Prelude> sequence [[0,1],[10,11],[100,101]]
[[0,10,100],[0,10,101],[0,11,100],[0,11,101],[1,10,100],[1,10,101],[1,11,100],[1,11,101]]

But (sequence (repeat [0,1])) diverges. The convergent search operator (sequence (repeat bit)) in the search monad also turns out to scan the Cantor space in the lexicographic order: it always finds the smallest witness (or in fact, the infimum of the sets of witnesses, which is the largest element in the lexicographic order if the predicate is empty).

One last remark, regarding your question: you are attempting to define a search operator for the set of natural numbers. But searchable sets are compact and the natural numbers are not, and hence this is impossible. Compactness, if you develop a good intuition for it, is a good guide: whenever your set is not compact, it is definitely not searchable.

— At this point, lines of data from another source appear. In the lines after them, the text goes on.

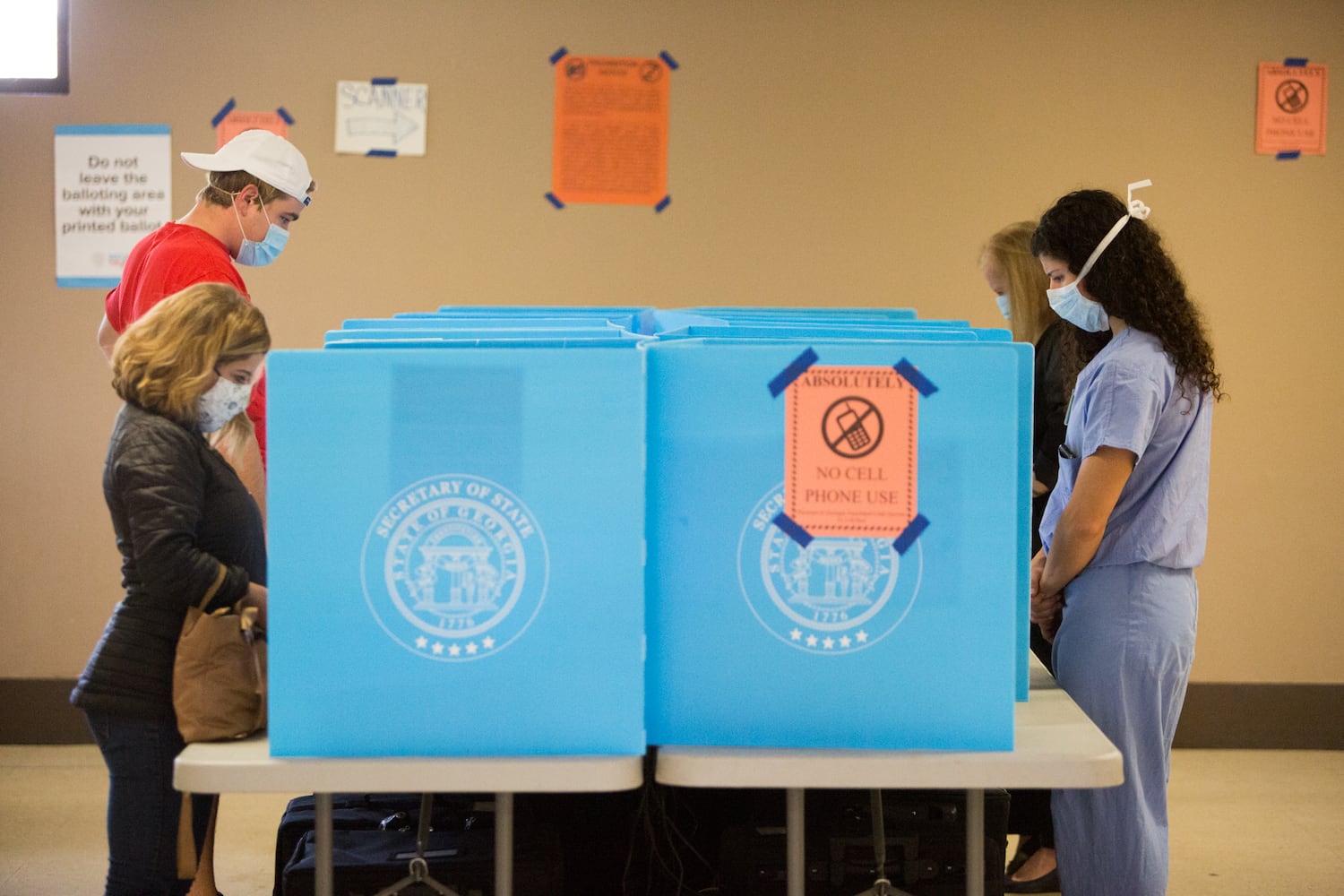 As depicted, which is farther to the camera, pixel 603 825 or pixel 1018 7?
pixel 1018 7

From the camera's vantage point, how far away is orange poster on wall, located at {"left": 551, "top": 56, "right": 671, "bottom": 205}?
12.1ft

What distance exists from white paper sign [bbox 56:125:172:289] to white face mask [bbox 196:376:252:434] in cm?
223

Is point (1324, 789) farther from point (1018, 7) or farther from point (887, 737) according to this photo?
point (887, 737)

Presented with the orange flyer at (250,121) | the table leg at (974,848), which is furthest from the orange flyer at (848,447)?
the orange flyer at (250,121)

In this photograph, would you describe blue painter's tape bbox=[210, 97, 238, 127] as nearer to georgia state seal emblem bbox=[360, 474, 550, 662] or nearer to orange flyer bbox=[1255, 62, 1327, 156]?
georgia state seal emblem bbox=[360, 474, 550, 662]

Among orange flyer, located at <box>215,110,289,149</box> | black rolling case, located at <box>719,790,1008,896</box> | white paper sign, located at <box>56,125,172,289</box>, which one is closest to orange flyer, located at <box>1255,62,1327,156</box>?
black rolling case, located at <box>719,790,1008,896</box>

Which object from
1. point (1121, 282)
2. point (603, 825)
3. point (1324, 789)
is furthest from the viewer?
point (1324, 789)

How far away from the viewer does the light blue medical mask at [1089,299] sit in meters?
1.91

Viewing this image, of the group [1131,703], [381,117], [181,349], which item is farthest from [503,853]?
[381,117]

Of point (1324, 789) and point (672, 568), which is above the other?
point (672, 568)

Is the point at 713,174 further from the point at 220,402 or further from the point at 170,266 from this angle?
the point at 220,402

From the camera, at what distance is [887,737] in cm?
129

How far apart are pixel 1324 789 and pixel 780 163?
92.2 inches

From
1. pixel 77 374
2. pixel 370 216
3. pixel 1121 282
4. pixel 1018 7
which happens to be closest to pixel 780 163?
pixel 1018 7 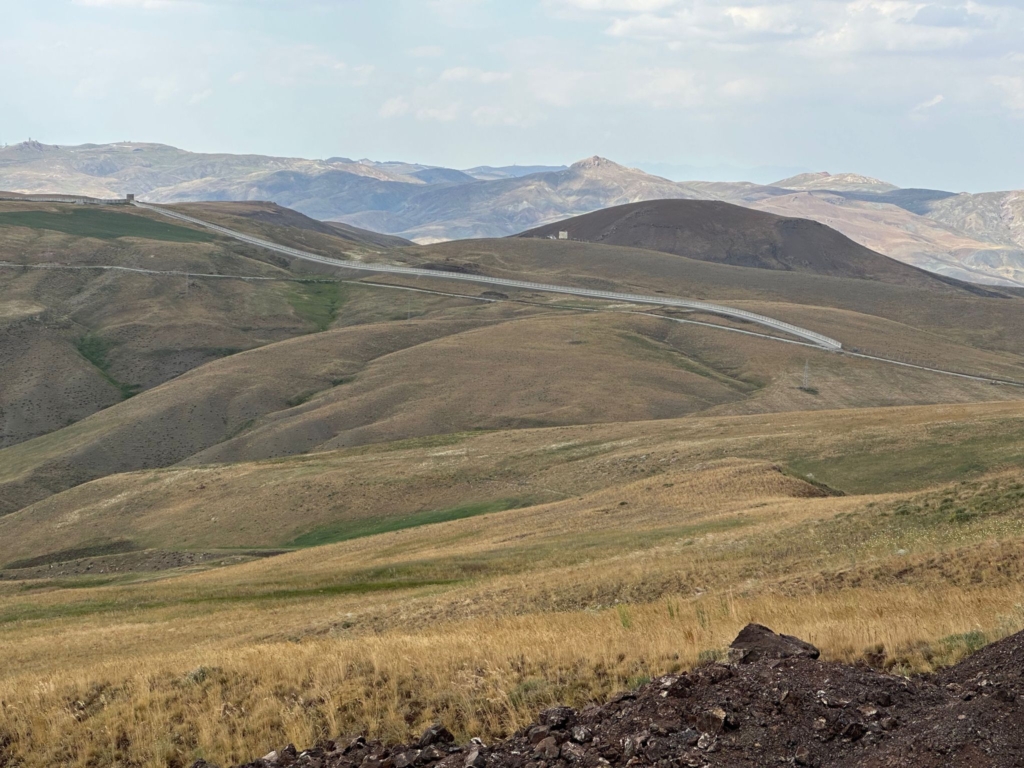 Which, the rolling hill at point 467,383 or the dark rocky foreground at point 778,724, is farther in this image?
the rolling hill at point 467,383

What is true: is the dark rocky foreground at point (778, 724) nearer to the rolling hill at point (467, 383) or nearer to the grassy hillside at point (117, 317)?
the rolling hill at point (467, 383)

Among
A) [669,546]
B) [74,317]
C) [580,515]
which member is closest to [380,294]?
[74,317]

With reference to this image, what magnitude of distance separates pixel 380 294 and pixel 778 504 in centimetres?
15079

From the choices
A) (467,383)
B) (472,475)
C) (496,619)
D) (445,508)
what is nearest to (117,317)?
(467,383)

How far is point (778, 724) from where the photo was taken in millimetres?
10031

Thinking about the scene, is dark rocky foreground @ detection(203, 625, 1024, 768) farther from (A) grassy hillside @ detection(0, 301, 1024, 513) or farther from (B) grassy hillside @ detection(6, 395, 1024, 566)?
(A) grassy hillside @ detection(0, 301, 1024, 513)

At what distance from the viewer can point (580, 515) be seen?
4369 cm

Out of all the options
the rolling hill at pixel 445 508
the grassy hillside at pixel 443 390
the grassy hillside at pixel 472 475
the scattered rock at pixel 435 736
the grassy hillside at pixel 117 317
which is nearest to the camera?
the scattered rock at pixel 435 736

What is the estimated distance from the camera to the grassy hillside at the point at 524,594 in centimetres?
1435

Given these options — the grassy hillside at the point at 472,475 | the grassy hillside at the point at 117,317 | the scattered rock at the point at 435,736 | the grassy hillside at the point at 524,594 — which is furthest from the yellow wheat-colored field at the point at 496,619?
the grassy hillside at the point at 117,317

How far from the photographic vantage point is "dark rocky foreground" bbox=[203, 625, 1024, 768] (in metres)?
9.23

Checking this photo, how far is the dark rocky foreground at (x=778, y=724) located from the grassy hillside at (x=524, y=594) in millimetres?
1845

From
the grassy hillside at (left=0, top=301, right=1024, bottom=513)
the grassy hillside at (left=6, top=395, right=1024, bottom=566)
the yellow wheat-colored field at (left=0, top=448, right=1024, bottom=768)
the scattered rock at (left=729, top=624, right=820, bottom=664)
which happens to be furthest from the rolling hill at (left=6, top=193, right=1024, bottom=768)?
the scattered rock at (left=729, top=624, right=820, bottom=664)

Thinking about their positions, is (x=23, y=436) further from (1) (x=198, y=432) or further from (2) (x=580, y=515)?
(2) (x=580, y=515) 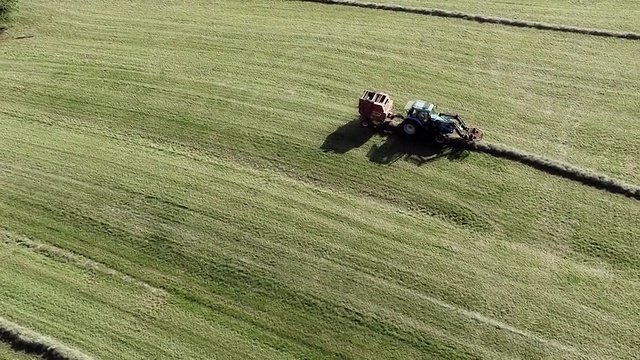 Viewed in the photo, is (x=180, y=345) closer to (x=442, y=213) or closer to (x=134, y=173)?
(x=134, y=173)

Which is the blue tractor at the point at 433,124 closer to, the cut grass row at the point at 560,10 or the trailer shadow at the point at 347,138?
the trailer shadow at the point at 347,138

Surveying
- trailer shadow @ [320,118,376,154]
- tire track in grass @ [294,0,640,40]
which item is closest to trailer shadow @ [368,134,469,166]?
trailer shadow @ [320,118,376,154]

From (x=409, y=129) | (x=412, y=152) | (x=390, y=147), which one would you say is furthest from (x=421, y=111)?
(x=390, y=147)

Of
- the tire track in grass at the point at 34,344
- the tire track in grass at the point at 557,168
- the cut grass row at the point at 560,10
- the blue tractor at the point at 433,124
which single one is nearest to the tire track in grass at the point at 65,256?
the tire track in grass at the point at 34,344

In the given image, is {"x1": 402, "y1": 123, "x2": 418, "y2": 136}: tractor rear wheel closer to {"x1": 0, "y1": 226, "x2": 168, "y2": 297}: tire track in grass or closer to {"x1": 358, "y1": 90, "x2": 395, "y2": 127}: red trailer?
{"x1": 358, "y1": 90, "x2": 395, "y2": 127}: red trailer

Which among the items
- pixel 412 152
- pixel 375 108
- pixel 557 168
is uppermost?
pixel 375 108

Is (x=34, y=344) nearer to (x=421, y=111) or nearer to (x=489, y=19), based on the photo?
(x=421, y=111) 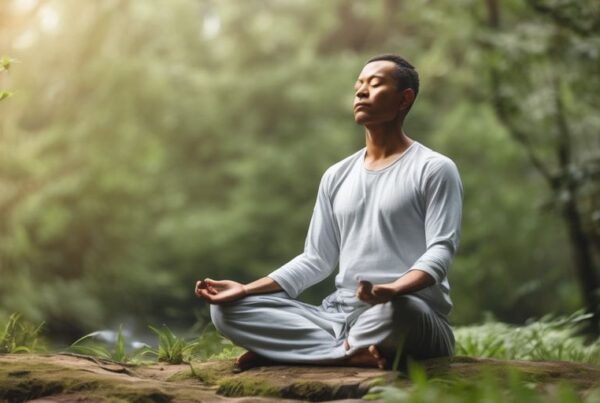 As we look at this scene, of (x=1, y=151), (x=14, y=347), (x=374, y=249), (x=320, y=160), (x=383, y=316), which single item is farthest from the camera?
(x=320, y=160)

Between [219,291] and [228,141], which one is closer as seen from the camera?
[219,291]

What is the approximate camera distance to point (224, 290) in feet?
13.1

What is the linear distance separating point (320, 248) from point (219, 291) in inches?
24.9

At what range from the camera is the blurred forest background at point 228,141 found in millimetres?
12914

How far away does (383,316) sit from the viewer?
369 centimetres

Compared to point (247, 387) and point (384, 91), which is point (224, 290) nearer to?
point (247, 387)

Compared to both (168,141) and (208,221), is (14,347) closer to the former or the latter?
(208,221)

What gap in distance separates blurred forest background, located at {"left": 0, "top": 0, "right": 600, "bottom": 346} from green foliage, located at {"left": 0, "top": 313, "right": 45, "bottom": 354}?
597 centimetres

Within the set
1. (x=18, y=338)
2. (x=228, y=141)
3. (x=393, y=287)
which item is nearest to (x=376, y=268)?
(x=393, y=287)

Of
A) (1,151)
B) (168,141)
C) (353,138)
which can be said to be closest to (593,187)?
(1,151)

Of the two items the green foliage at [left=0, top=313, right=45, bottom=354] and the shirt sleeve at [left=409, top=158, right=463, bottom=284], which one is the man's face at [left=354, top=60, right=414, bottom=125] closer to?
the shirt sleeve at [left=409, top=158, right=463, bottom=284]

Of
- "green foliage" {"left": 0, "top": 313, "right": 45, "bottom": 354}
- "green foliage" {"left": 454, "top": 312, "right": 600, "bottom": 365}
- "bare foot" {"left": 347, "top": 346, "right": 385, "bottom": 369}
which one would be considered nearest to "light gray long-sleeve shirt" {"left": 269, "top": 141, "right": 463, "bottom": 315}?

Whenever it is compact, it is usually searchable (although not necessarily searchable, because we need an effective version of compactness to get searchability).

4. migmit says:

It’s really nice, but I think it can be slightly improved.

I’ll use “r” instead of “Bool” for the return type, since it really works for any type.

Instead of (a -> r) -> a, we can use (a -> r) -> (r -> a). Semantically, given a “predicate” of type a -> r, and a value of type r, this function would look for an element x :: a, such that this predicate, applied to x, results in a given value.

Your invariant for the function find :: S a -> (a -> Bool) -> a is the following: if there is x such that f x == True, then f (find xs f) == True.

My invariant is: if there is x such that f x == y, then f (find xs f y) == y; this can be written as f (find xs f (f x)) = f x (without conditions), or, more nicely, f . find xs f . f = f, which looks algebraically nice.

Now, your “image” is just “liftM”, “bigUnion” is just “join”, “times” is “liftM2 (,)”, and the Monad instance can be defined straigtforwardly:

return x = S (\_ _ -> x)
xs >>= f =
S \$ \yp z ->
let try x = find (f x) yp z
x0 = find xs (yp . try) z
in try x0

The fun part, I think, is a definition of “union”:

xs1 union xs2 =
do b bp True == b)

That’s just minor remarks, though.

5. migmit says:

Sorry, some symbols got lost; I’ve uploaded all code (with a minor changes in notation) here: http://hpaste.org/13260

6. This looks like an interesting idea. I have some questions. Have you checked that this is indeed a monad? Does “sequence” converge for an infinite lazy list? (When? Always?) In what sense is your invariant an invariant? What does the monad multiplication (=join) do? There is a candidate of a morphism from the search monad to your “inversion” monad, but not the other way round. And there is a morphism from the search monad to the continuation monad. But there aren’t maps connecting the monads in the other directions (according to djinn).

7. And, of course, you define >>= recursively, in a way that is unlikely to produce a total function. Hence it is hard to see this as a generalization of the search monad.

8. BMeph says:

Sorry for commenting so late in the game, but I also noticed: aren’t forevery and forsome just folds, with the arguments reversed? In particular, using the “S is a Monad” trait, then forevery and forsome are like disjunctive and conjunctive monoid versions of MonadPlus, except that MonadPlus isn’t exactly a monoid (and thus, isn’t a Monoid, either).